Flickr user Jennifer Yin notes that at Spro in the Hampden neighborhood of Baltimore, they sell $14 coffee.
As recently as August, 2010, NPR has reported on the rising price of coffee, attributing it to a combination of economic factors, including reduced supply, because of rain in Colombia, and steady demand from the caffeine-thirsty world.

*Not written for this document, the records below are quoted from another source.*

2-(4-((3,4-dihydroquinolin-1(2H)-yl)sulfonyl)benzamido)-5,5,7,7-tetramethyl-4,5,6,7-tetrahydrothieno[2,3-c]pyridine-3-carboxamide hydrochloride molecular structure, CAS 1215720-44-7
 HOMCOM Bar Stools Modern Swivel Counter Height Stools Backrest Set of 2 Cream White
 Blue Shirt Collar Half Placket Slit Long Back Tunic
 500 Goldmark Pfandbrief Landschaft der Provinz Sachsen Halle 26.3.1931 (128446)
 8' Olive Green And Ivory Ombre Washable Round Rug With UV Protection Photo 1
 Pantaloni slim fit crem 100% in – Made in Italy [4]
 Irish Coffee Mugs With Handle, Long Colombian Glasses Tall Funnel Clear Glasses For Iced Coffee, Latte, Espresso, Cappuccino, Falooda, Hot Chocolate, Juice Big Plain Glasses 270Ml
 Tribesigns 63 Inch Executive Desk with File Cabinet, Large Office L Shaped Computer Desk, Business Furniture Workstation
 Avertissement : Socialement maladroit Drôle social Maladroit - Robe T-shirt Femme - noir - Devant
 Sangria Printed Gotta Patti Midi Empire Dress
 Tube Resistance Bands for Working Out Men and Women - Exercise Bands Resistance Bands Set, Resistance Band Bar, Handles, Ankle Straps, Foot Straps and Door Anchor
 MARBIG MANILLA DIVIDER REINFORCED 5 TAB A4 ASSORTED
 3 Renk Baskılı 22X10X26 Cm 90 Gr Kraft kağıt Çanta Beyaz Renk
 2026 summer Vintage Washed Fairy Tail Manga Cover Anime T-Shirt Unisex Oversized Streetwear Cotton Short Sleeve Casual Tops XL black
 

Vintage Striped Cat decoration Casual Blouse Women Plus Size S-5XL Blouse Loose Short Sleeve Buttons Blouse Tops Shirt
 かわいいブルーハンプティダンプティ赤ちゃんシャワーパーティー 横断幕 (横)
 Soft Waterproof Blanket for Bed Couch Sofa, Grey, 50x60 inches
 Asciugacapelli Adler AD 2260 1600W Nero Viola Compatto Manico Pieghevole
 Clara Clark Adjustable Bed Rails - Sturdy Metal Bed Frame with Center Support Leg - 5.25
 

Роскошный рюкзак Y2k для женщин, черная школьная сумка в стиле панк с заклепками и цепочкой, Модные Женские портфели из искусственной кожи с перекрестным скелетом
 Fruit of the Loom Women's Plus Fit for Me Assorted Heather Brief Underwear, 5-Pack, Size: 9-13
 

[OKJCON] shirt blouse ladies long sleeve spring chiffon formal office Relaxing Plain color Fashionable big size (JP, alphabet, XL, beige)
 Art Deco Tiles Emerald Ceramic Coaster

At that point, Smucker's, which owns Folgers and Millstone, announced prices would go up as a result, but Starbucks opted to absorb it.
Now, it seems coffee prices are due for another jump, and there's bad news for those of you who like the fancier brews, from Starbucks to Blue Bottle and Spro, in addition to those of you who prefer Maxwell House.
According to Zak Stone At Good, the supply of fancy and regular beans is being seriously threatened. Arabica coffee beans are fickle, he writes, quoting coffee writer Taylor Clark, who called them "The Barbra Streisand of plants: a diva." They require tropical climates with warm days, lots of sun, and cool evenings; specific elevations and a precise combination of rainy times and dry spells. And they're not getting it in the few places that used to measure up.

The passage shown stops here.